I am trying to write a function that given a list of non negative integers, arranges them such that they form the largest possible number.

For example, given

Answer 1

Here is an ugly solution that does work without passing a cmp comparison function to the sorted. Basically, the key function takes each number and calculates a rational number that has that number as the repeating decimals; that is

0   => 0
100 => 100/999 == 0.100100100...
10  => 10/99   == 0.1010101010...
1   => 1/9     == 0.1111111111...
11  => 11/99   == 0.1111111111...
12  => 12/99   == 0.1212121212...
9   => 9/9     == 1
99  => 99/99   == 1
999 => 999/999 == 1

The 0 is sorted the smallest with sort key 0, and 1 followed by most zeroes would have key closest to 0.1, and thus sorted second smallest. Numbers that consist of digit 9 all have sort key equal to 1; it does not really matter if you sort 9 before or after 99.

Sorting using these values as the key will necessarily give the correct output, unless you use numbers that are too big for float precision. (probably much sooner than 2 ** 53)

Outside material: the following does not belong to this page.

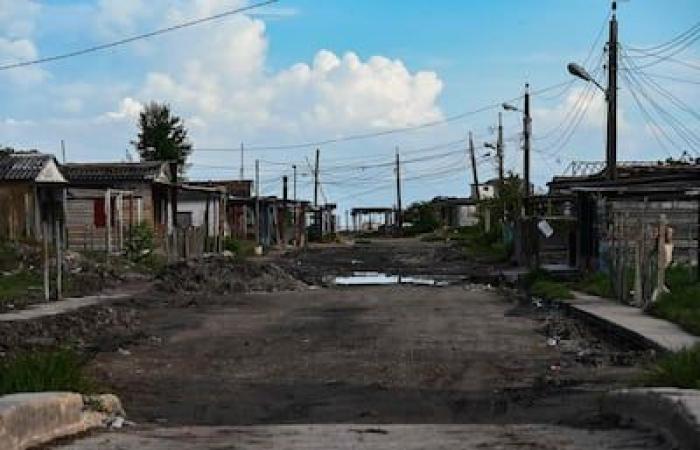 Hurricane Rafael strengthens to category 3 as it approaches Cuba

Thus we get the following program:

# for Python 2, not needed in Python 3
from __future__ import division

a = [50, 5, 51, 59, 2, 1, 9, 98]

def fractionalize(i):
    divisor = 9
    while divisor < i:
        divisor = 10 * divisor + 9 

    return i / divisor

print(sorted(a, key=fractionalize, reverse=True))

Which produces

[9, 98, 59, 5, 51, 50, 2, 1]

---

As we're essentially calculating i / (10 ** ceil(log10(i + 1)) - 1) here, one can also write the following oneliner:

from math import ceil, log10

print(sorted(a, key=lambda i: i and i/(10**ceil(log10(i+1))-1), reverse=True))

The i and part guards for division by zero error, in case 0 is among the numbers.